From the line with "vidaXL Sängynrunko ilman" to the final line of the data below, please write out every line exactly, with no pictures.

##### Records for this exercise #####

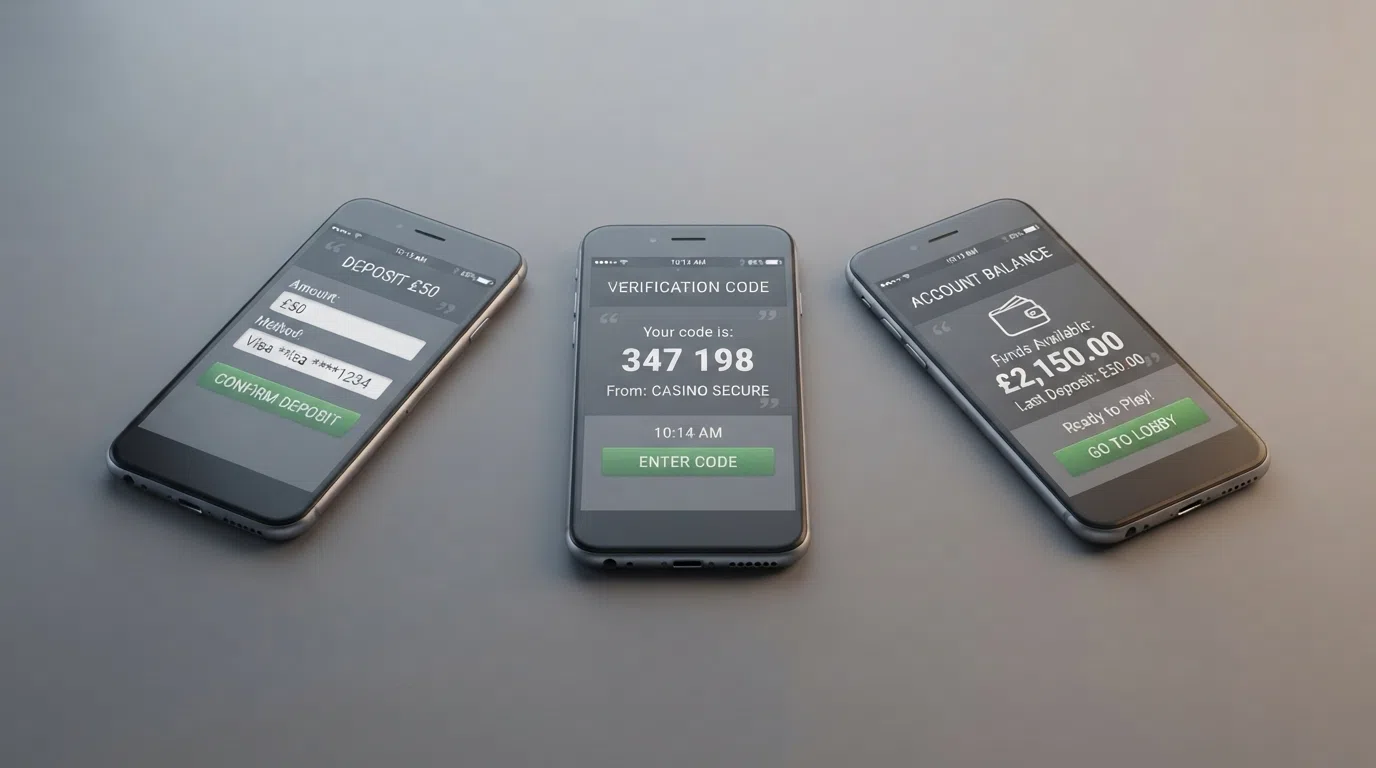 A three-step illustration: a casino deposit screen with an amount entered, a mobile phone receiving a verification message, and a casino balance showing the credited funds
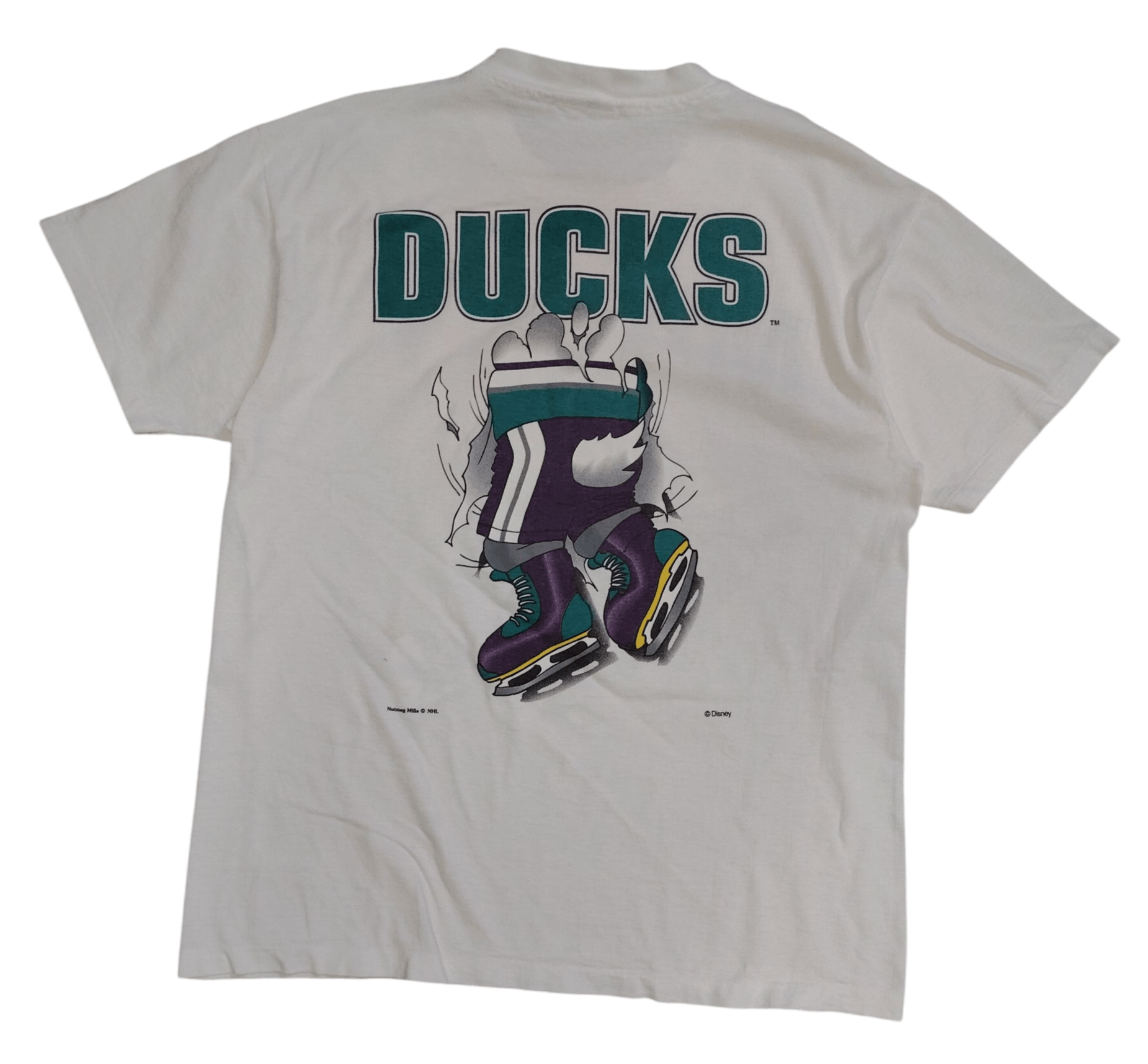 NHL Vintage Disney Mighty Ducks NHL Mirror Print Nutmeg t shirt Size US XL / EU 56 / 4 - 2 Thumbnail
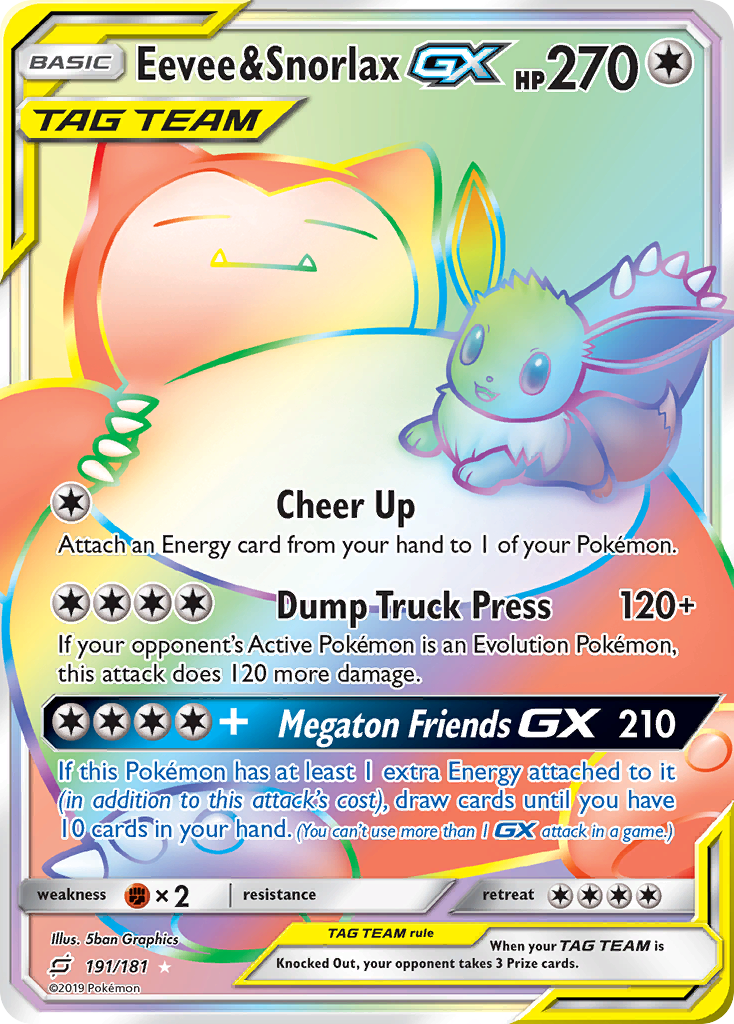 Eevee & Snorlax GX (191/181) [Sun & Moon: Team Up] | Galactic Gamez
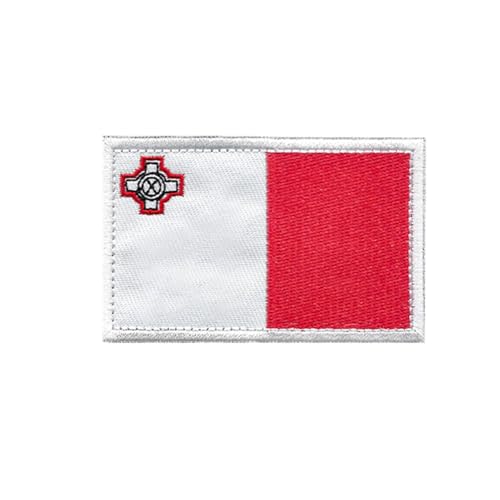 Ruoming Ruoming Aufnäher zum Aufbügeln, Motiv: Nationalflagge 1, 8 x 5 cm, bestickt, selbstklebend, für Kleidung, Taschen (Malta), 1 Stück von Ruoming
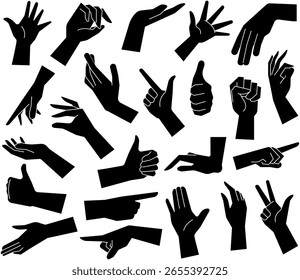 Set of hands displaying various gestures for communication and expression in vector style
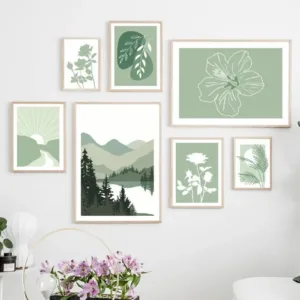 Wall Art Canvas Painting Sage Green Mountain Lake Rose Palm Leaf Floral Posters And Prints Wall Pictures For Living Room Decor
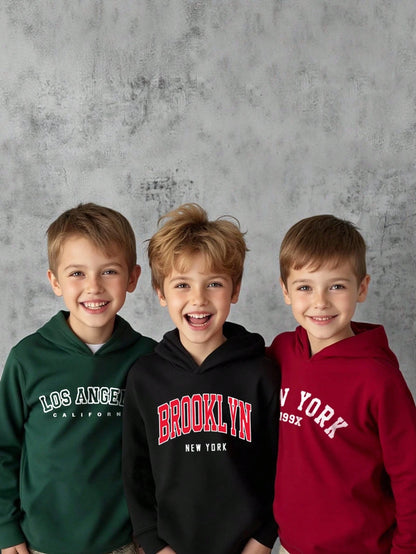 3pcs/Set Young Boy Hooded Sweatshirts,Casual Sports Streetwear For Autumn,80s,School,Back-To-School,Los Angeles,New York City Black,Red,Olive Green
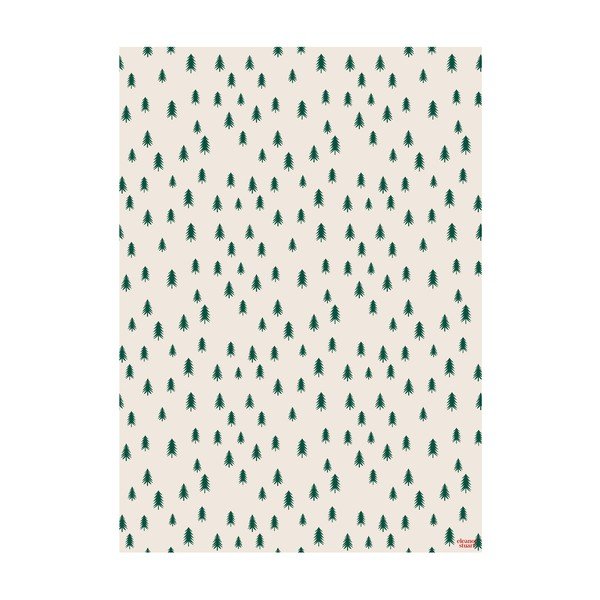 5 листа бежово-зелена опаковъчна хартия, 50 x 70 cm Christmas Trees - eleanor stuart-image-2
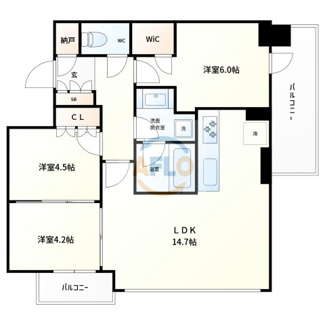 【間取り】 | ウエリスタワー谷町四丁目 | ウェリスタワー谷町四丁目　間取り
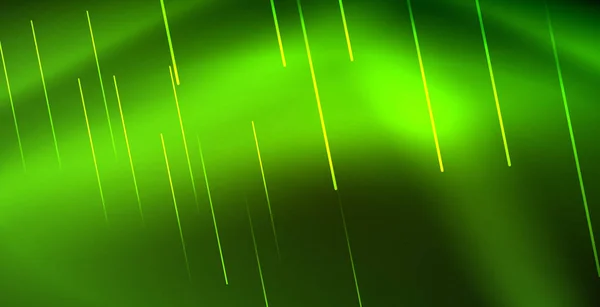 Onde lumineuse néon, énergie magique et arrière-plan de mouvement de lumière — Image vectorielle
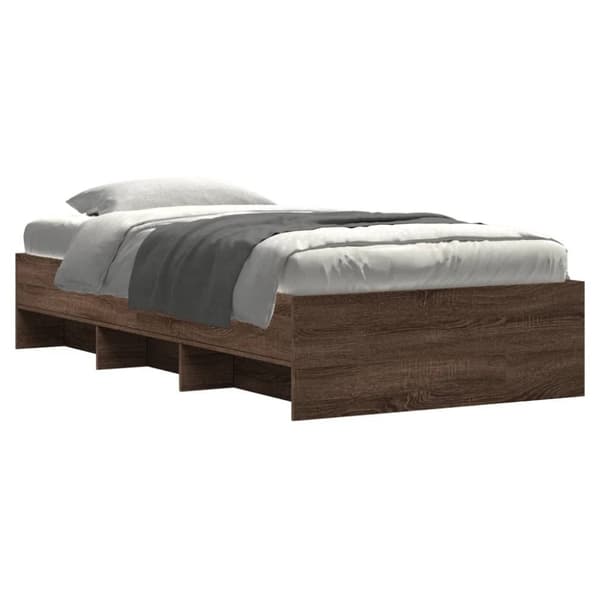 vidaXL Sängynrunko ilman patjaa ruskea tammi 90x200 cm tekninen puu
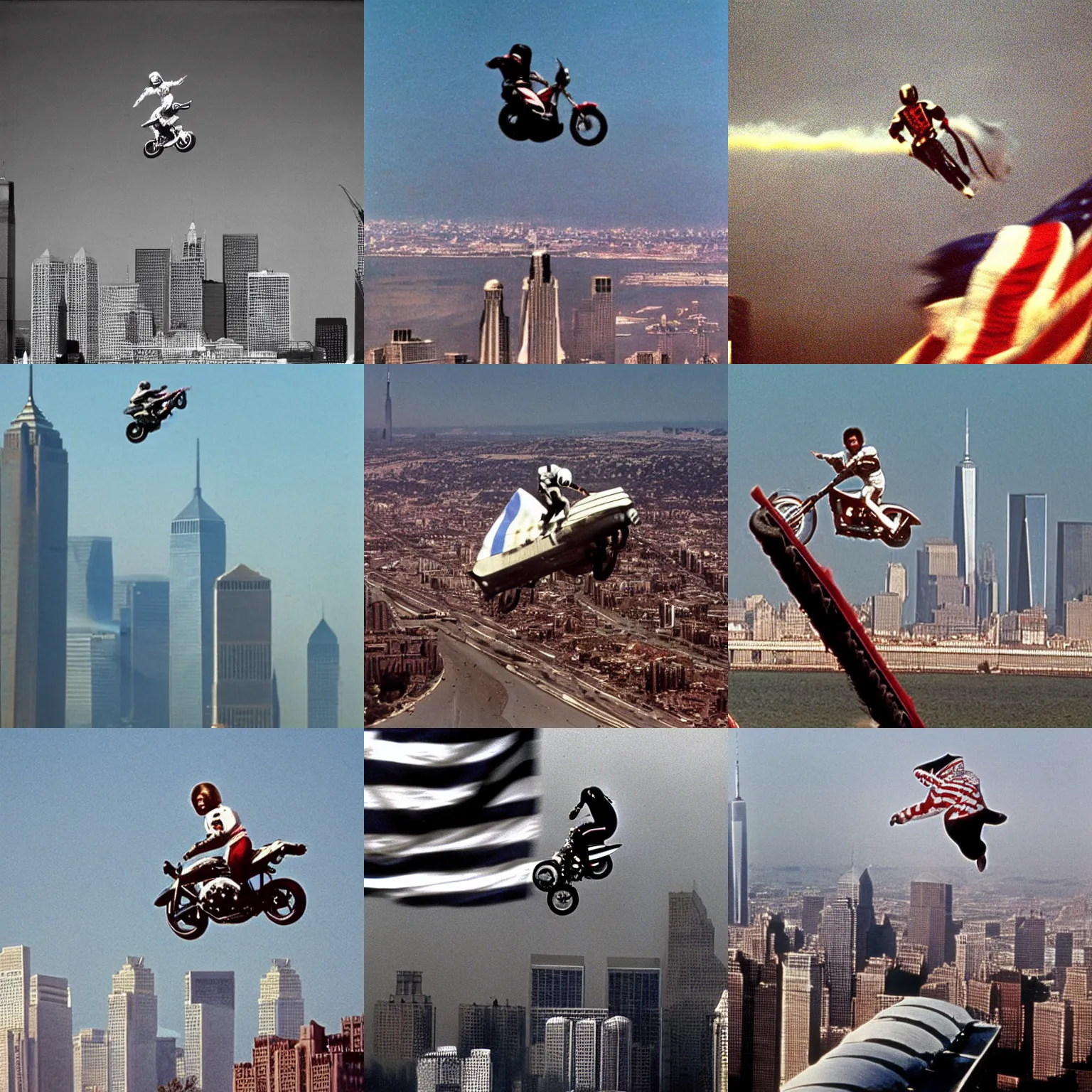 Prompt: evel knievel jumping over the twin towers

#####

* _Response to this task_
 vidaXL Sängynrunko ilman patjaa ruskea tammi 90x200 cm tekninen puu
 Prompt: evel knievel jumping over the twin towers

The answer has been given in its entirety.